Jiacheng He, Associate Professor, School of Materials and Energy, Guangdong University of Technology, China
Jiacheng He is an associate professor at School of Materials and Energy, Guangdong University of Technology. He received his Ph.D. in the department of human and engineered environmental studies from the University of Tokyo in 2018. From 2018-2021, he worked as a postdoc in the same department. He focuses on the heat and mass transfer in membrane separation processes, heat transfer of liquid-vapor two-phase flow and heat transfer of supercritical fluids.

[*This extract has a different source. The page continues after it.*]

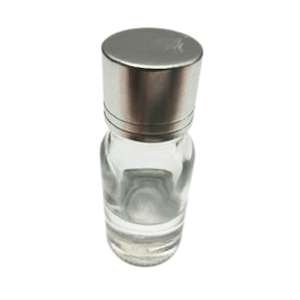 USEFUL ACCESSORIES - SEX LOVE DOLLS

He won the president award from Japan Society of Refrigerating and Air Conditioning Engineers.

Shouyin Cai, Lecturer, College of Electrical, Energy and Power Engineering, Yangzhou University, China
Shouyin Cai is a lecturer at the College of Electrical, Energy and Power Engineering at Yangzhou University. He received his Ph.D. in Power Engineering and Engineering Thermophysics from Chongqing University in 2022. From 2022 to now, he is working at the College of Electrical, Energy and Power Engineering at Yangzhou University. From 2021-2022, he worked as a visiting scholar at National University of Singapore. His research focuses on the Micro heat and mass transfer and energy storage of fluid in nano/micro porous materials.

Summary

Two-phase flow is often utilized in energy systems to deal with thermal issues, such as generating steam in the boiler of the power plant and dissipating the heat in the condenser. In advanced energy systems, including Organic Rankine Cycle (ORC), Carnot battery, proton-exchange membrane fuel cell (PEMFC), CO2 capture process etc., two-phase flow still serves as a major role in the thermal energy transfer process. In addition, new issues arise in some applications, such as the coupled heat and mass transfer in the two-phase flow for PEMFC and the chemical reaction added in CO2 capture process. Consequently, understanding the fundamentals and mechanisms of heat and mass transfer of the two-phase flow is of great significance in order to develop advanced energy technology for engineering applications.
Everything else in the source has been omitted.